- Interactive map of Dong Bang
- Coordinates: 18°02′43″N 104°07′51″E﻿ / ﻿18.0453°N 104.1307°E
- Country: Thailand
- Province: Bueng Kan
- Amphoe: Bueng Khong Long

Population (2020)
- • Total: 6,575
- Time zone: UTC+7 (TST)
- Postal code: 38220
- TIS 1099: 380603

= Dong Bang, Bueng Kan =

Dong Bang (ดงบัง) is a tambon (subdistrict) of Bueng Khong Long District, in Bueng Kan Province, Thailand.

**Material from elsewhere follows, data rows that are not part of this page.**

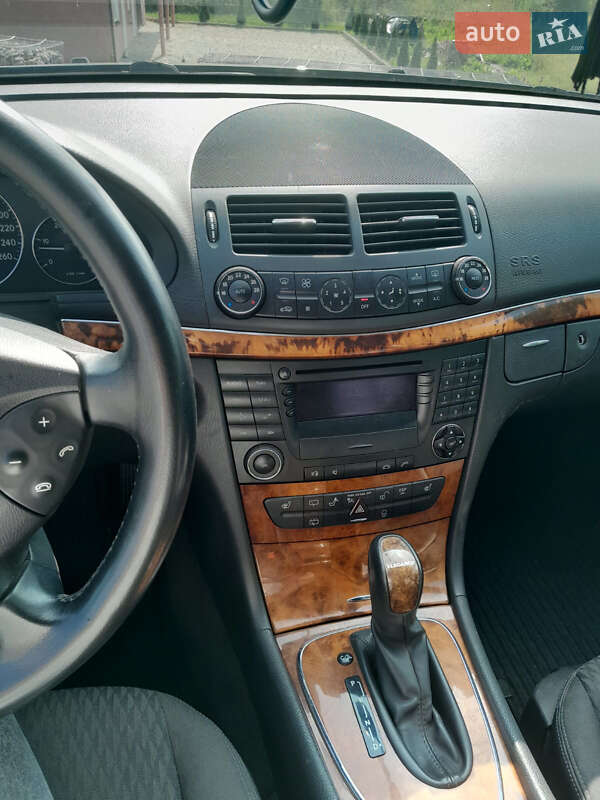 Mercedes-benz E-class (2006)
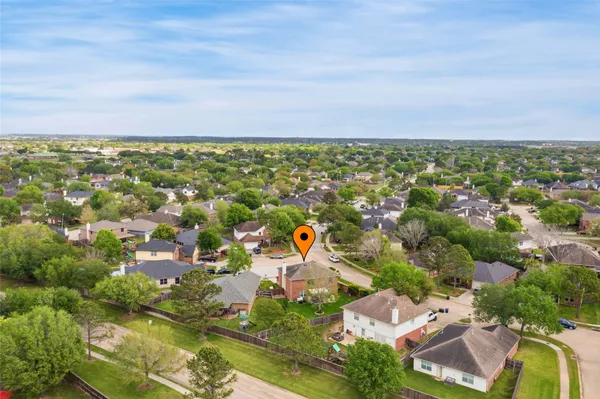 $298,000 | 2865 Misty Bay Drive, Dickinson, TX 77539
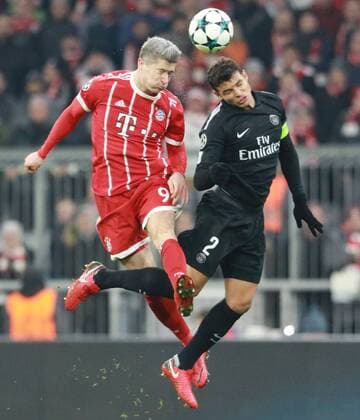 Robert Lewandowski FC Bayern vs. Thiago Silva Paris Saint Germain Soccer UEFA Champions League FC Bayern Munich Paris Saint Germain 05 12 2017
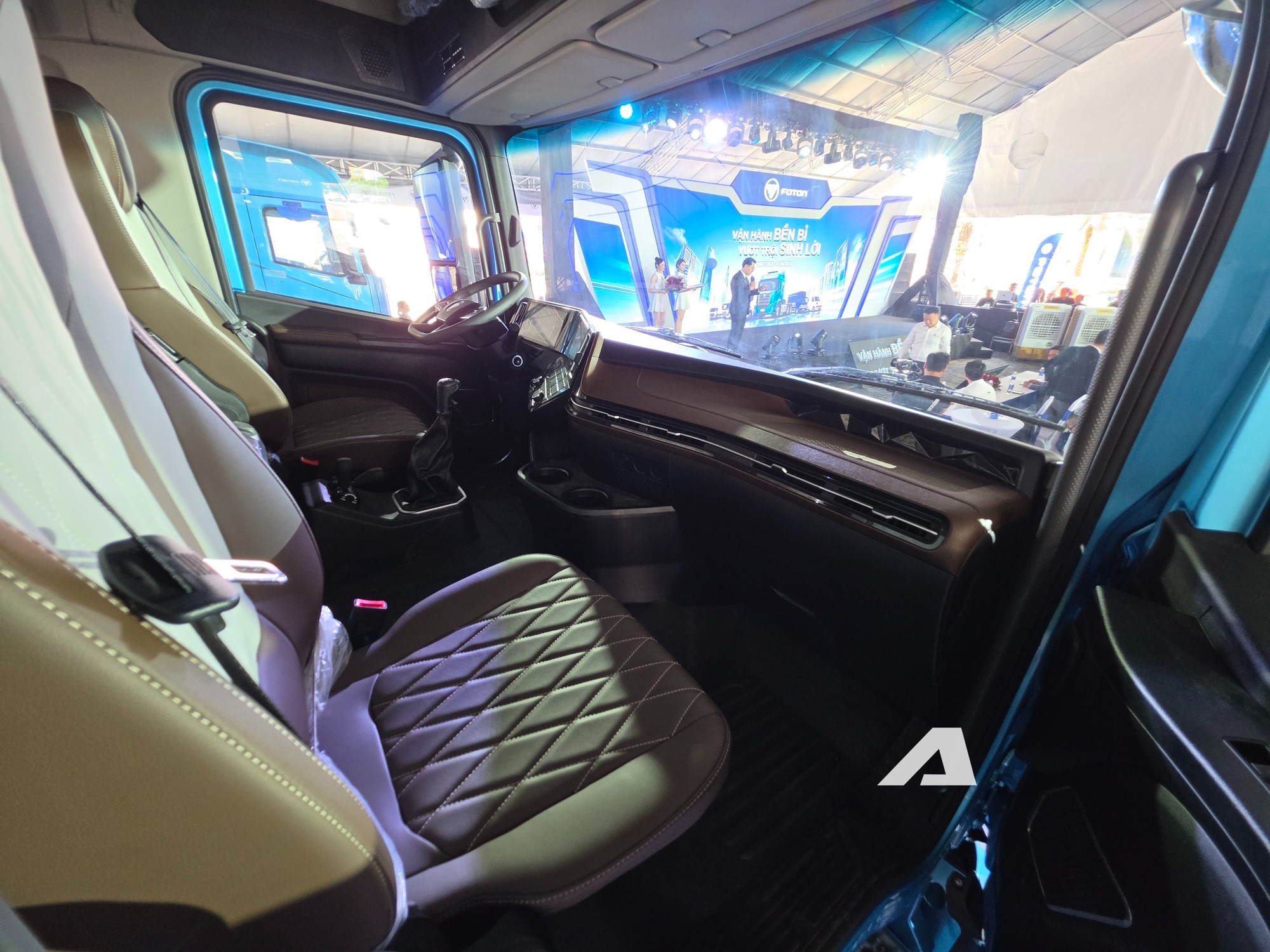 Soi xe đầu kéo Foton Galaxus R5 vừa chào khách Việt: Lực kéo mạnh hơn cả siêu xe Koenigsegg Regera, tiện nghi như ô tô với camera 4 hướng, gương chỉnh điện - Ảnh 21.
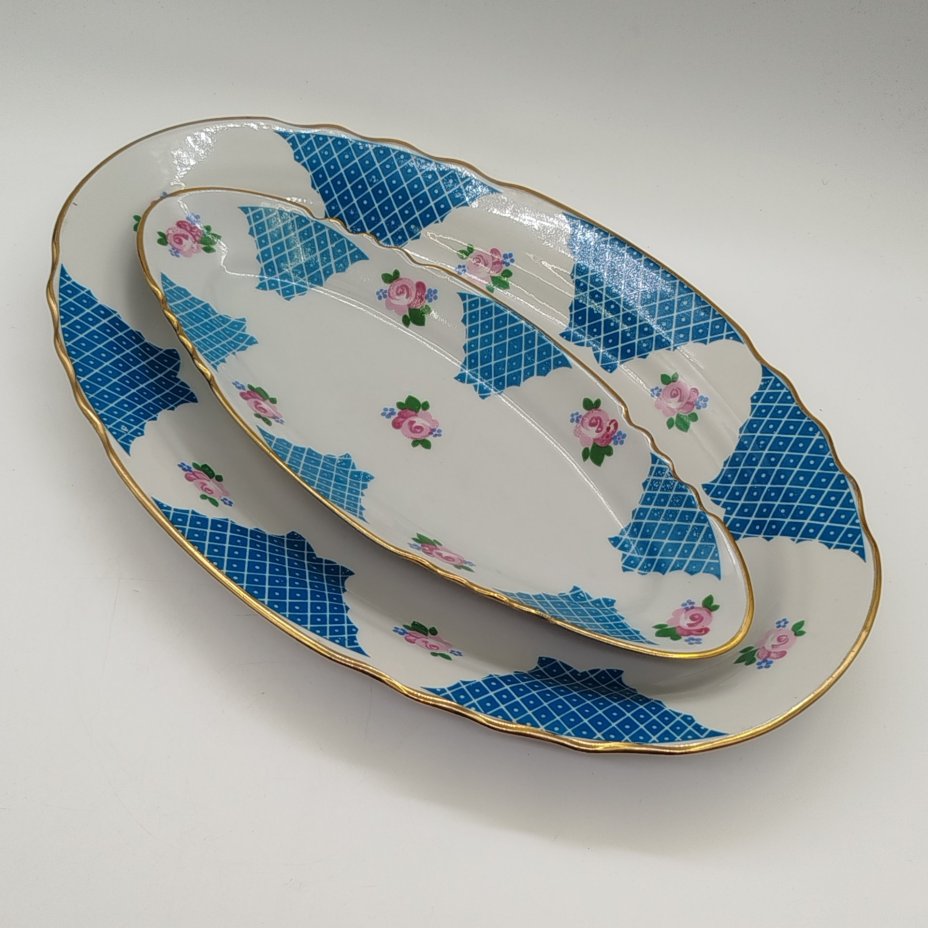 Набор из сервировочного блюда и селёдочницы, в бело-голубой гамме с декором в виде роз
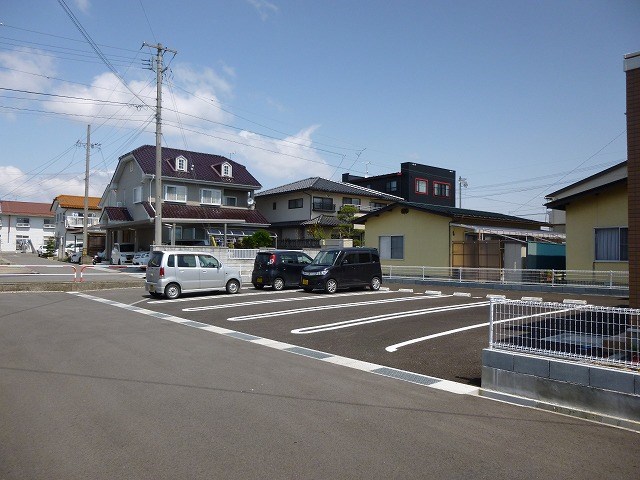駐車場　写真は101号室です（参考）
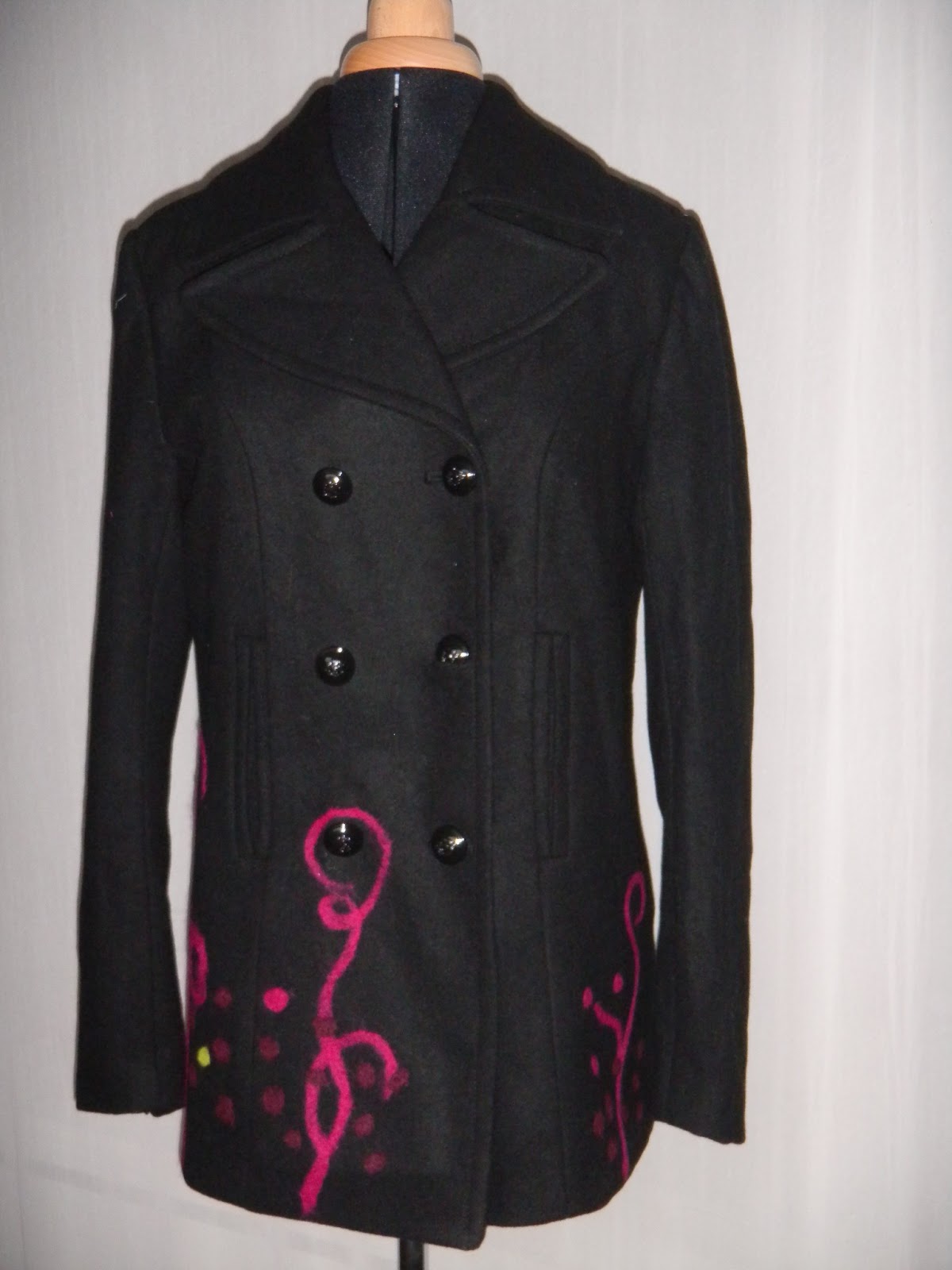 Les petites cr?�ations de Louise.h: Manteau en lainage customis?� avec de la laine feutr?�e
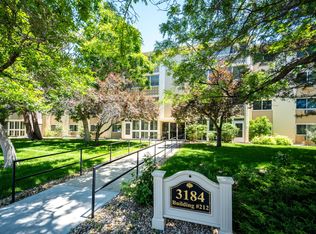 3184 S Heather Gardens Way UNIT 1-312, Aurora, CO 80014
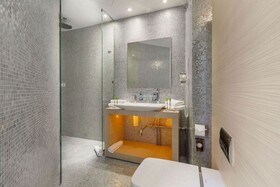 Sound Garden Hotel Warsaw Airport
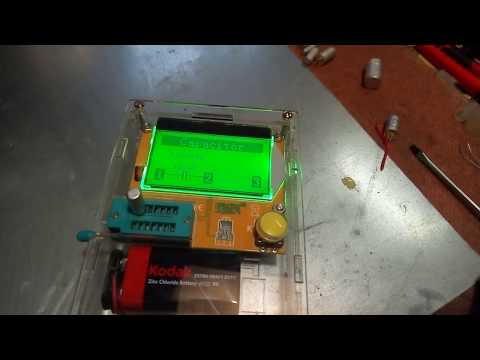 Зачем нужно менять Советские электролитические  конденсаторы  в старых приемниках.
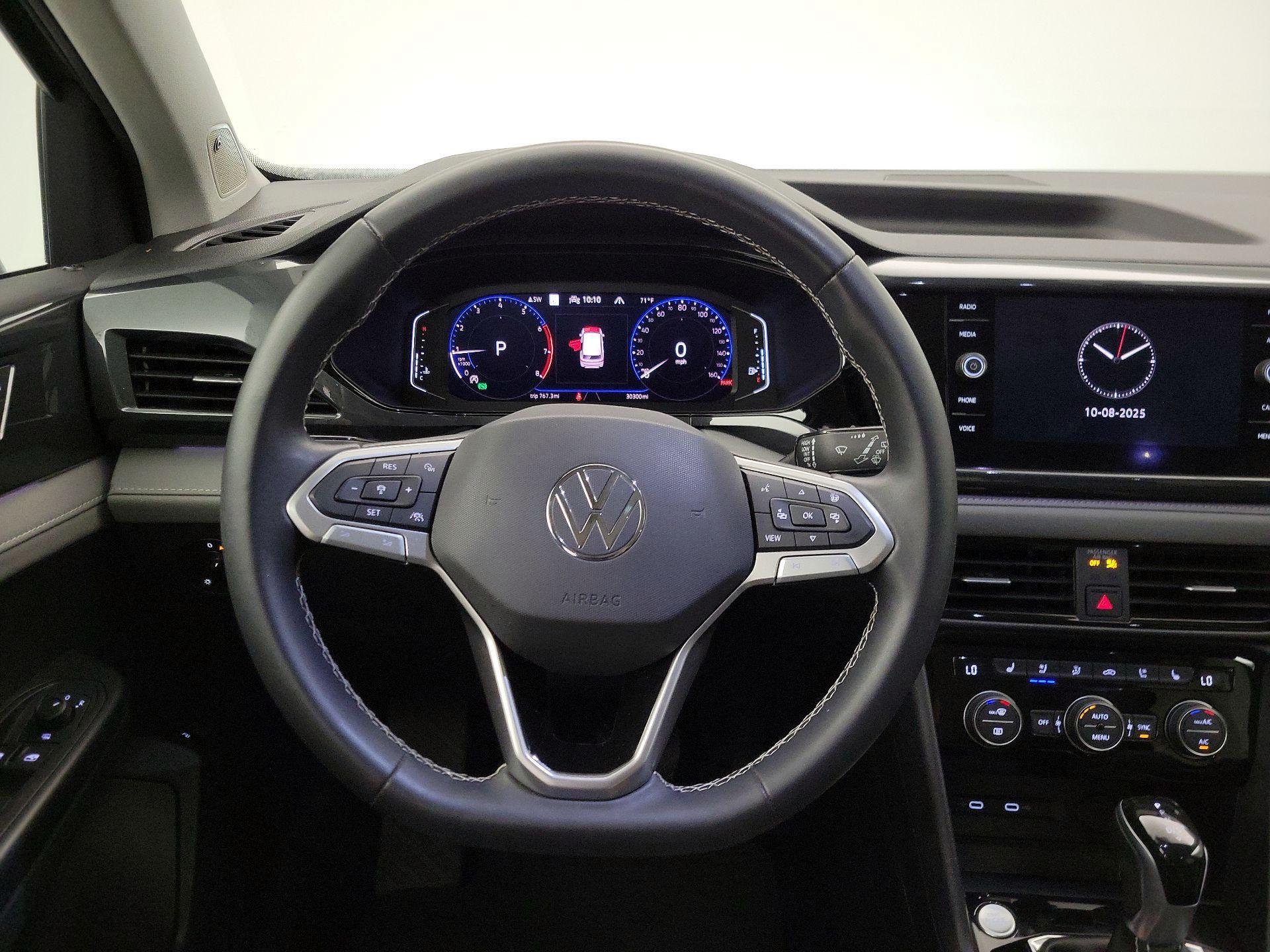 Thumbnail: 2022 Volkswagen Taos - 10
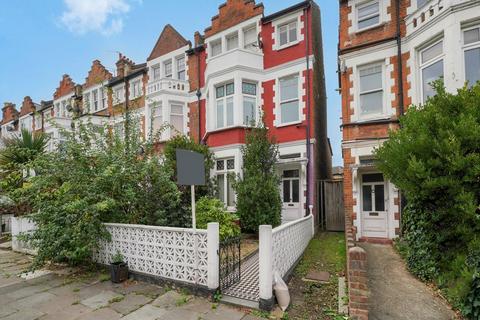 2 bedroom flat for sale, Salford Road, London SW2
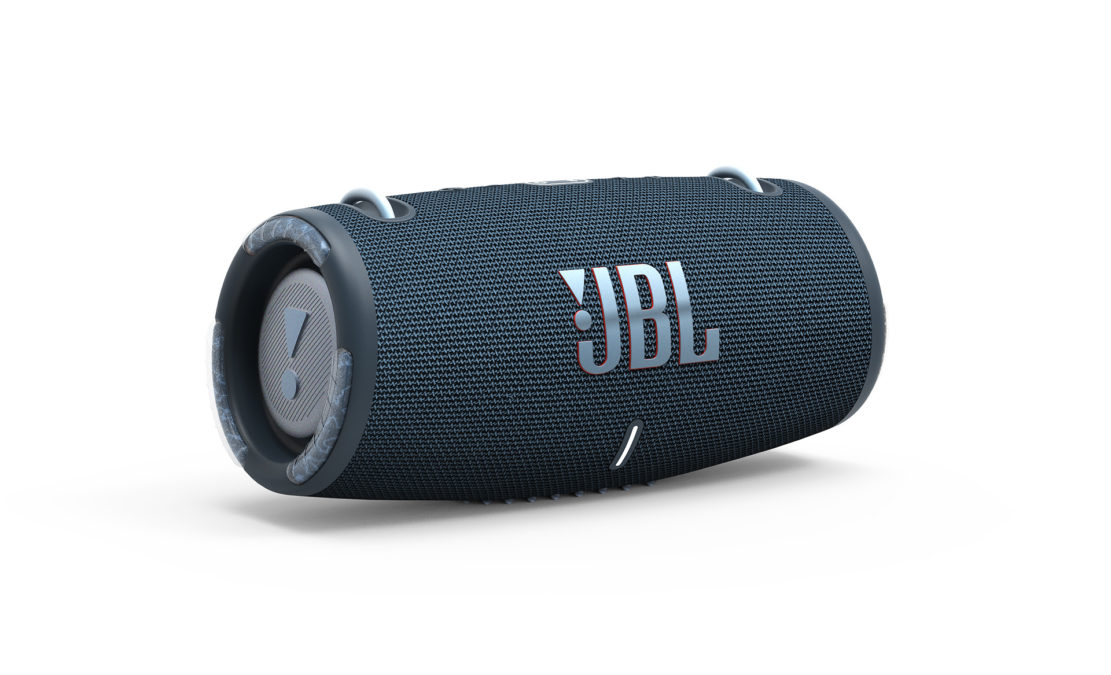 عرض منتج لمكبر الصوت jbl xtreme 3 المقاوم للماء والغبار باللون الأزرق الداكن على خلفية بيضاء.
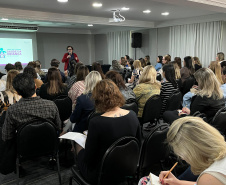  Sesa capacita profissionais para ampliar o cuidado com a infância no Paraná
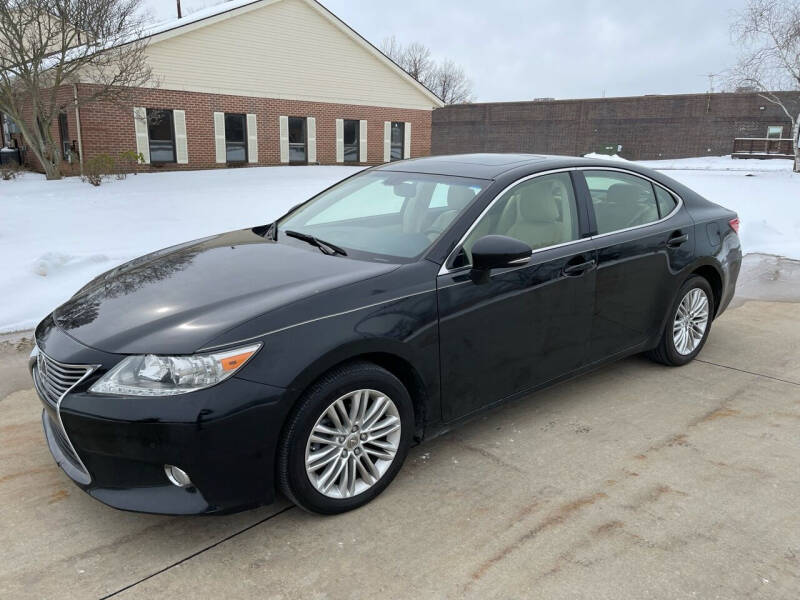 2013 Lexus ES 350 for sale at Renaissance Auto Network in Warrensville Heights OH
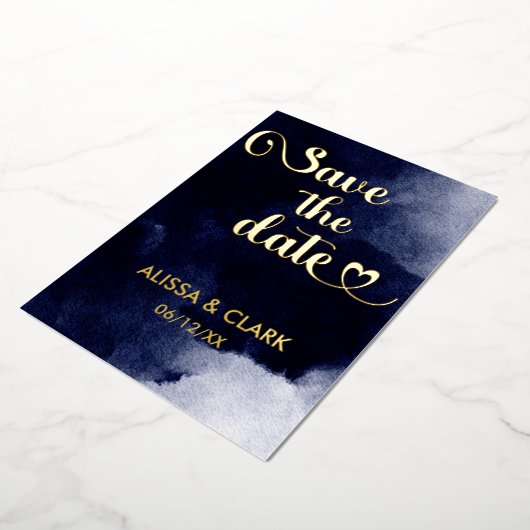 Moderne Abstrakte Aquarellmauer Save the Date Folieneinladung (Gedreht)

In 2020 it had a total population of 6,575 people.

==Administration==

===Central administration===
The tambon is subdivided into 11 administrative villages (muban).

| No. | Name | Thai |
|---|---|---|
| 01. | Ban Tha Si Khai | บ้านท่าสีไค |
| 02. | Ban Dong Suang | บ้านดงสรวง |
| 03. | Ban Lao Luang | บ้านเหล่าหลวง |
| 04. | Ban Dong Thon | บ้านดงโทน |
| 05. | Ban Dong Bang | บ้านดงบัง |
| 06. | Ban Non Sawat | บ้านโนนสวาท |
| 07. | Ban Non Sombun | บ้านโนนสมบูรณ์ |
| 08. | Ban Dong Ruea | บ้านดงเรือ |
| 09. | Ban Lao Dok Mai | บ้านเหล่าดอกไม้ |
| 10. | Ban Dong Bang Tai | บ้านดงบังใต้ |
| 11. | Ban Tha Si Khai Nuea | บ้านท่าสีไคเหนือ |

===Local administration===
The whole area of the subdistrict is covered by the subdistrict administrative organization (SAO) Dong Bang (องค์การบริหารส่วนตำบลดงบัง).